PROBLEM DETAILS
Once the pictures are set aside, reproduce the remaining data exactly.

Stored dataset items:
++++++

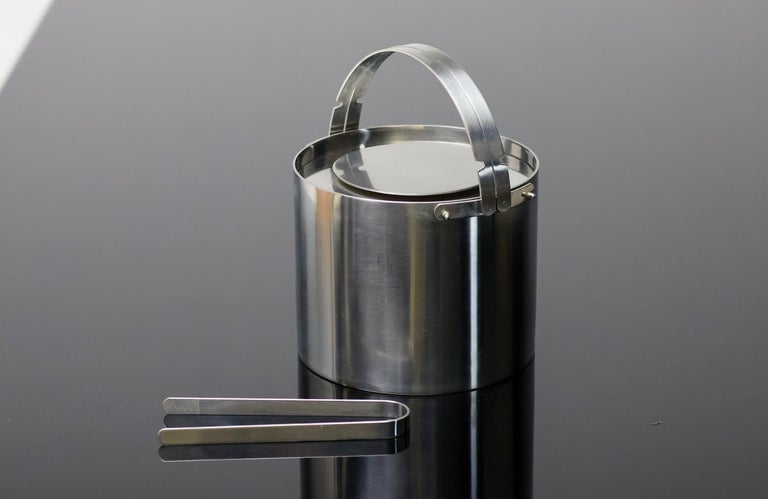 Cylinda Stainless Steel Ice Bucket with Tongs by Arne Jacobsen for Stelton, 1970 - Image 4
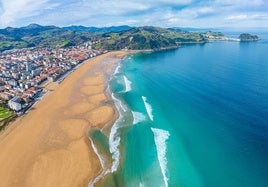 Descubre las cuatro playas vascas que optan a ser la mejor de este verano
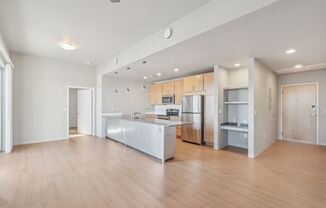 1 bed, 1 bath, 789 sqft, $1,925, Unit 401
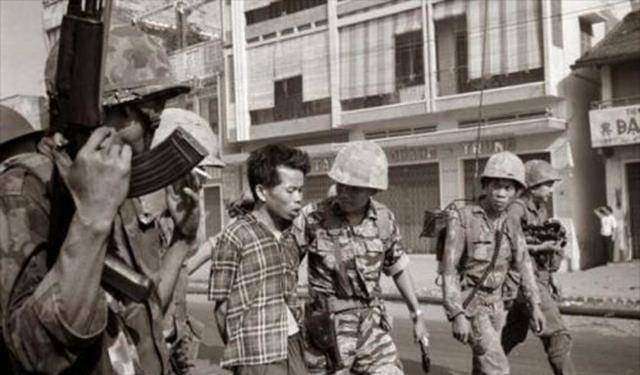 越南西贡枪决照:警察局长当街枪决囚犯,开枪后的结局有多凄惨?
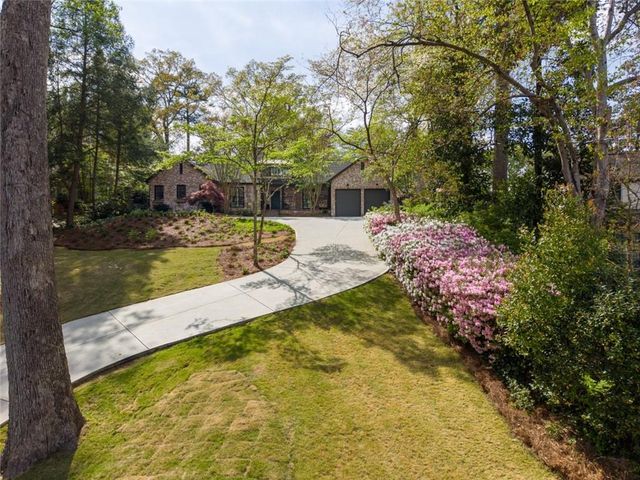 3220 W Andrews Drive NW, Atlanta, GA 30305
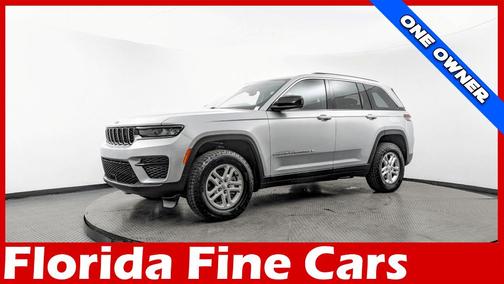2023 Jeep Grand Cherokee Laredo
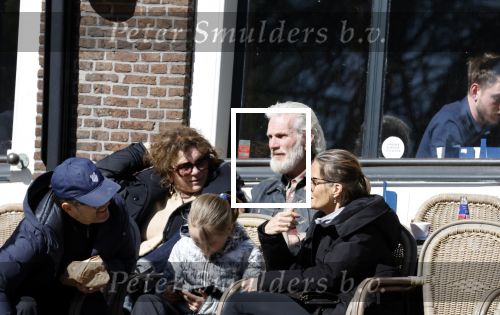 Amsterdam 2 april 2023
Henriette Tol met partner op terras in het centrum van Amsterdam.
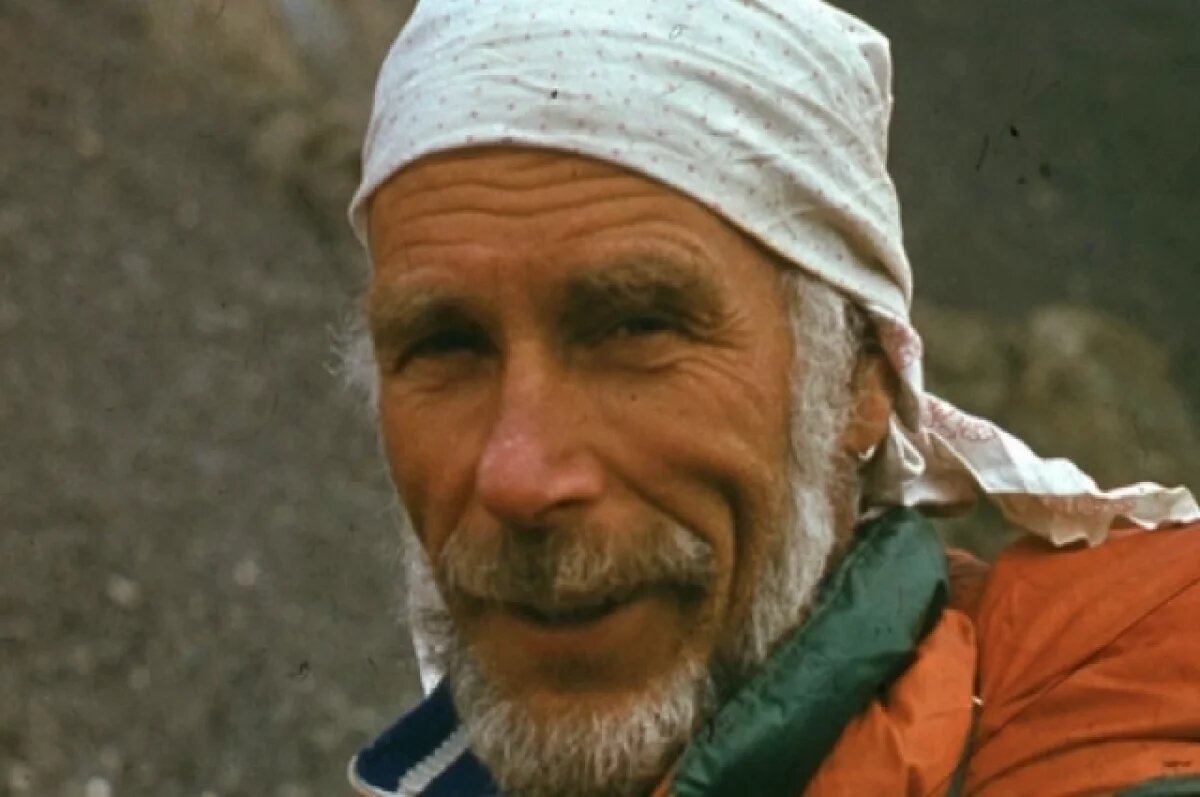    На 92 году жизни умер самый возрастной альпинист РФ Валентин Божуков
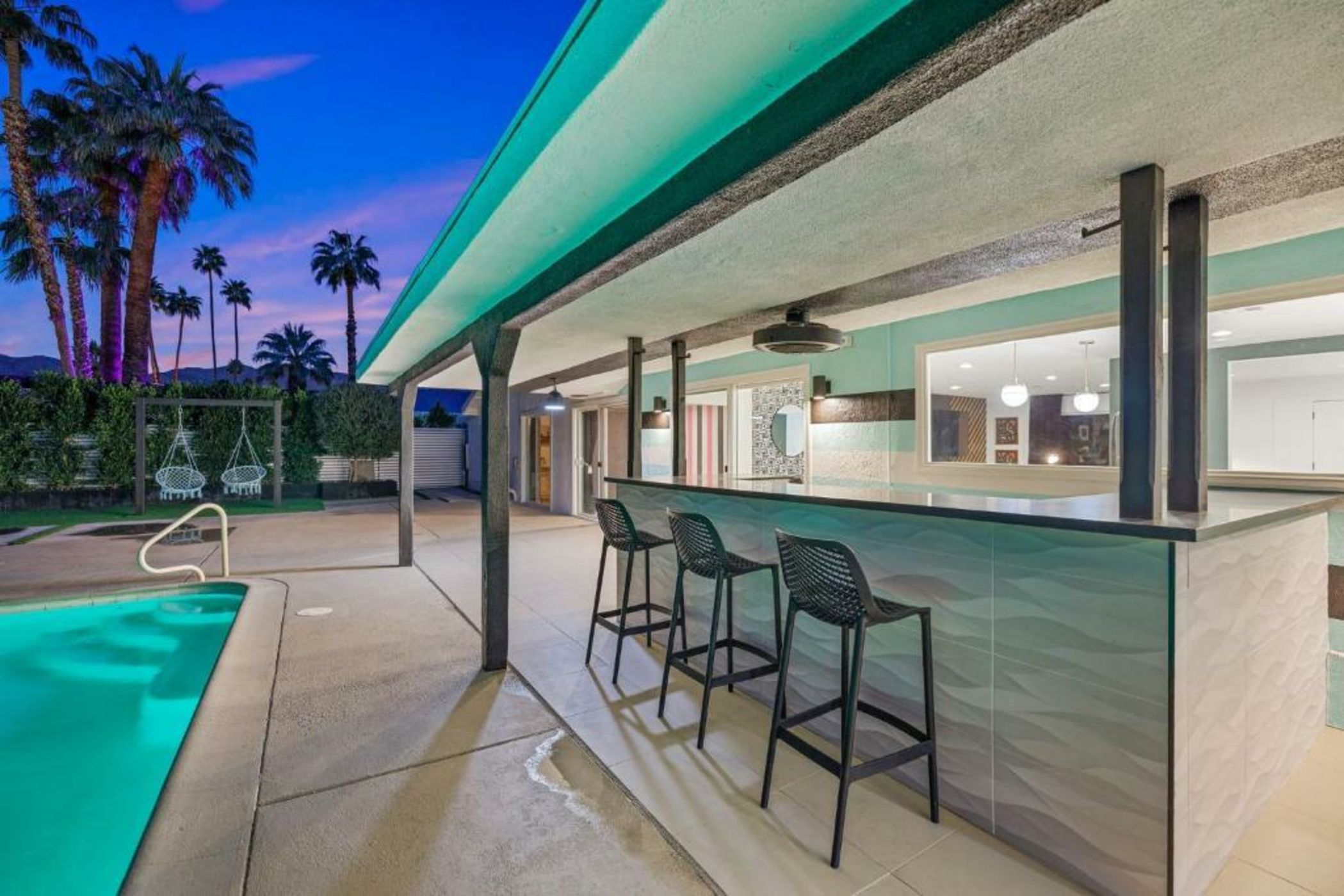 The Ritz - Luxury Home with Pool & Speakeasy Bar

++++++

EXERCISE SOLUTION
 Cylinda Stainless Steel Ice Bucket with Tongs by Arne Jacobsen for Stelton, 1970 - Image 4
 Descubre las cuatro playas vascas que optan a ser la mejor de este verano
 1 bed, 1 bath, 789 sqft, $1,925, Unit 401
 越南西贡枪决照:警察局长当街枪决囚犯,开枪后的结局有多凄惨?
 3220 W Andrews Drive NW, Atlanta, GA 30305
2023 Jeep Grand Cherokee Laredo
 Amsterdam 2 april 2023
Henriette Tol met partner op terras in het centrum van Amsterdam.
    На 92 году жизни умер самый возрастной альпинист РФ Валентин Божуков
 The Ritz - Luxury Home with Pool & Speakeasy Bar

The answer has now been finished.